Later this month, Nonsequitur will celebrate the chapel's rebirth, and the building's centennial, with a "Festival of Wayward Music." Wayne Horvitz, Gust Burns, Amy Rubin, and several others will help to christen the piano, and a marathon Saturday concert will showcase most of the composers and new-music-friendly players in Seattle, including Denio, Stuart Dempster, Suzie Kozawa, Wally Shoup, Paul Taub, and the Garrett Fisher Ensemble. (And, full disclosure, myself.)

The ironies are many. A style of music most often encountered in classrooms, utilitarian recital halls, or white-walled gallery spaces ends up in an august old pile with a curved drive, sweeping lawns and gardens, and screening hedges, financed in 18th-century mode by private patronage. A building established as a home for people who have nowhere else to go returns, in a way, to its original function.
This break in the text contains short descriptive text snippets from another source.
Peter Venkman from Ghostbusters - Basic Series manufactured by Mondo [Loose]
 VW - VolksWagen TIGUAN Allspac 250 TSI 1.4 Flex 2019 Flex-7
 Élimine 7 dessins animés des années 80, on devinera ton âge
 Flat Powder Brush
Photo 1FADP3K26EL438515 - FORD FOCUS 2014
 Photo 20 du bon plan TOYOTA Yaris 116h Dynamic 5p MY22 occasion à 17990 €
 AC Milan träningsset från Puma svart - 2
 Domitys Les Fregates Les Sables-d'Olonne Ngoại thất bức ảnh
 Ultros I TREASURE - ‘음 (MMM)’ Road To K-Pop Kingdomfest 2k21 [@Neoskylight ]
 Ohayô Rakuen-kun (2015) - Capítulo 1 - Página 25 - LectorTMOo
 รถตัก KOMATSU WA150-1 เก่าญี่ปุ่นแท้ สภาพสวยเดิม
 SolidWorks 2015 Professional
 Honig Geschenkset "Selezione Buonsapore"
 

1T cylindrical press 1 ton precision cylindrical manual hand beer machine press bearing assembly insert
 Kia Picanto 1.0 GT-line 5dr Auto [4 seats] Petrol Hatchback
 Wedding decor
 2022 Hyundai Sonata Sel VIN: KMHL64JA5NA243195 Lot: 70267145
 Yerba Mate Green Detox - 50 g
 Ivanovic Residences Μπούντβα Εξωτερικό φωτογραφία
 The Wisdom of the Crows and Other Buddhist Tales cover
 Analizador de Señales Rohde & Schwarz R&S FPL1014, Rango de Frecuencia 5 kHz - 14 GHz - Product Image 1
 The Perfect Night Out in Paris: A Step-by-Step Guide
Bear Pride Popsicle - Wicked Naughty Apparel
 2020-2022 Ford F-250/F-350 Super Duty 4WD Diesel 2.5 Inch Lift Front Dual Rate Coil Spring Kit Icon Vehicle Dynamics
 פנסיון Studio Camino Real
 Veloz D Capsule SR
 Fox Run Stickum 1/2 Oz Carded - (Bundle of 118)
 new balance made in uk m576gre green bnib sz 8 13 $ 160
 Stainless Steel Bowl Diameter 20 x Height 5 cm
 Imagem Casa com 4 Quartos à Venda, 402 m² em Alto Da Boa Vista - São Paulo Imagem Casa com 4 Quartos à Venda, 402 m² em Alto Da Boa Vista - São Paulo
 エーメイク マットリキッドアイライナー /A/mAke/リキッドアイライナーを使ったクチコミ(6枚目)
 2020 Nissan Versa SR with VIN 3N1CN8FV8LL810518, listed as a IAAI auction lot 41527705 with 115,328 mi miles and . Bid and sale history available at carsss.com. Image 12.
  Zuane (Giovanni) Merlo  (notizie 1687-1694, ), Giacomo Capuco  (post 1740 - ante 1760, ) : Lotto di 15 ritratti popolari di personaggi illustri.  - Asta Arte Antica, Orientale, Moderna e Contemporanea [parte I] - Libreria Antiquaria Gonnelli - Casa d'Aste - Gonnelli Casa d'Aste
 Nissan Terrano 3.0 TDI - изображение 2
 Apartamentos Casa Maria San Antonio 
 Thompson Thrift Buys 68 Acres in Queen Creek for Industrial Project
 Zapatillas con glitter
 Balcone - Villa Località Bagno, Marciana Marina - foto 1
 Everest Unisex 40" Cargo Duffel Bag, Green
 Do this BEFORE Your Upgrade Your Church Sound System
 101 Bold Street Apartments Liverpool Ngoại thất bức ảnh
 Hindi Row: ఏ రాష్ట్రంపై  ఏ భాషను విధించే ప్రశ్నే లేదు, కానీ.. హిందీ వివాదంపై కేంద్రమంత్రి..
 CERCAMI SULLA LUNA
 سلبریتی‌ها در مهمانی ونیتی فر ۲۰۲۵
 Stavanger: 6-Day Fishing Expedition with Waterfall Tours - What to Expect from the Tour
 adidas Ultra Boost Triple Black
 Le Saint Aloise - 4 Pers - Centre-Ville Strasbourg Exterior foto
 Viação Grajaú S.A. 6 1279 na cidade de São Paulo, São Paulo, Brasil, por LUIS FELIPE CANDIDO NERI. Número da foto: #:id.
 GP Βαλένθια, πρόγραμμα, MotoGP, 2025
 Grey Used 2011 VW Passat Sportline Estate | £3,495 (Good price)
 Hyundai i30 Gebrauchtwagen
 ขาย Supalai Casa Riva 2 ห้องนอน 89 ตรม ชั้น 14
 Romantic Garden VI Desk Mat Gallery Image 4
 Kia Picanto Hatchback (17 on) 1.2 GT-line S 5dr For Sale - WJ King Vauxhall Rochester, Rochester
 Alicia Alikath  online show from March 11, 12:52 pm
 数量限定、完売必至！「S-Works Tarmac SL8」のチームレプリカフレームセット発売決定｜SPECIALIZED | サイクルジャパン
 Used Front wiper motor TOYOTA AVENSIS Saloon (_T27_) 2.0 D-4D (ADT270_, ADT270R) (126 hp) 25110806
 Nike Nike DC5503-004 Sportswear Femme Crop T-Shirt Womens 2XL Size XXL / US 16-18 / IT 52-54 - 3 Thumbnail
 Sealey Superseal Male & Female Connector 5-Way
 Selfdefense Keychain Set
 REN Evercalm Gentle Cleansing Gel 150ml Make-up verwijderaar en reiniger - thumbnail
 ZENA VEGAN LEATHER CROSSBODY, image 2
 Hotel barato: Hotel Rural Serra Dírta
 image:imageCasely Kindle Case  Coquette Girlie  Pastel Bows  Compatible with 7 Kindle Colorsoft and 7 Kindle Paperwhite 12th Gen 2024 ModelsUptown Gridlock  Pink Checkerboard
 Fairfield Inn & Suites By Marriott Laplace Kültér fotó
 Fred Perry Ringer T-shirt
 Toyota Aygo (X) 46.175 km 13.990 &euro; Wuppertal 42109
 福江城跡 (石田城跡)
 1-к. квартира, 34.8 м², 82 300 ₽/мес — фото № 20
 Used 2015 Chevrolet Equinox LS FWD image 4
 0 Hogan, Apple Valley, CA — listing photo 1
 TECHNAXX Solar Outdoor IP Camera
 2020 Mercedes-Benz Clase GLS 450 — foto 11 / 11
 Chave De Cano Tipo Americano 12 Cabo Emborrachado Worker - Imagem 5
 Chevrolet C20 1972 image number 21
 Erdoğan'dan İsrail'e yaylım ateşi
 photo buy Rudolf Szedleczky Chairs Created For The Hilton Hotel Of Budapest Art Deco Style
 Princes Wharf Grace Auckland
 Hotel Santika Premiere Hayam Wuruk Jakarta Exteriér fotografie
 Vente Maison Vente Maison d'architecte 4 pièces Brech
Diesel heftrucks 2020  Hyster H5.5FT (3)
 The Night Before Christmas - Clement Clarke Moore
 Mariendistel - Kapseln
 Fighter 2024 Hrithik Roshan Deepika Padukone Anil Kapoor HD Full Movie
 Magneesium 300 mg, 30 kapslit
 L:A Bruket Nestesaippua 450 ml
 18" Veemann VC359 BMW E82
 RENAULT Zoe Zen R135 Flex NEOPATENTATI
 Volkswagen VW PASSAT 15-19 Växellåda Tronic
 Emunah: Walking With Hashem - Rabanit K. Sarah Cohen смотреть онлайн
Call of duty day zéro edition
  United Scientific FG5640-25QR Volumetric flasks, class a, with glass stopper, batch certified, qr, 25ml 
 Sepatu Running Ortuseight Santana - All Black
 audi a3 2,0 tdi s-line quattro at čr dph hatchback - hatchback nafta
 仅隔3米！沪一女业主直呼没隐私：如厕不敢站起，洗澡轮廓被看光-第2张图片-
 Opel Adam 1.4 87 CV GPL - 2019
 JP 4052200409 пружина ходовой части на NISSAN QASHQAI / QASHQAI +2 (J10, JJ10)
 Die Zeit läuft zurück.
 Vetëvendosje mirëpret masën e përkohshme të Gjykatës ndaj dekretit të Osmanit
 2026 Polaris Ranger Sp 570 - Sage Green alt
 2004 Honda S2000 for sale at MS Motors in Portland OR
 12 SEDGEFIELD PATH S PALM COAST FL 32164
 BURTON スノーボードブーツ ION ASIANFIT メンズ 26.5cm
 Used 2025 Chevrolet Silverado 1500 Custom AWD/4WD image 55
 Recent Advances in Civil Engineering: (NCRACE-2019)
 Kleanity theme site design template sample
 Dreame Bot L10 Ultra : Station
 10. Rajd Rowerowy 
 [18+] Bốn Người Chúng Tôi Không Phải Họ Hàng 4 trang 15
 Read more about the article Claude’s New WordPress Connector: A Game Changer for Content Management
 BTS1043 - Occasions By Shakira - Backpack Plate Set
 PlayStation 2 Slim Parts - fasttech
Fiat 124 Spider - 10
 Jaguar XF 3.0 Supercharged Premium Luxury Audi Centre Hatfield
And an art form long accustomed to struggling with small audiences and a low profile suddenly hardly has to think about the box office at all.

Like me, Denio is hopeful. "There's a fighting chance," she says, "given the fascinating diversity of concert programming and pure acoustic beauty of the space, that the audience appreciating esoteric music will grow."


Festival of Wayward Music Good Shepherd Chapel, 4649 Sunnyside Ave. N., gschapel.blogspot.com. Free. 8 p.m. Fri., July 20; noon–10 p.m. Sat., July 21.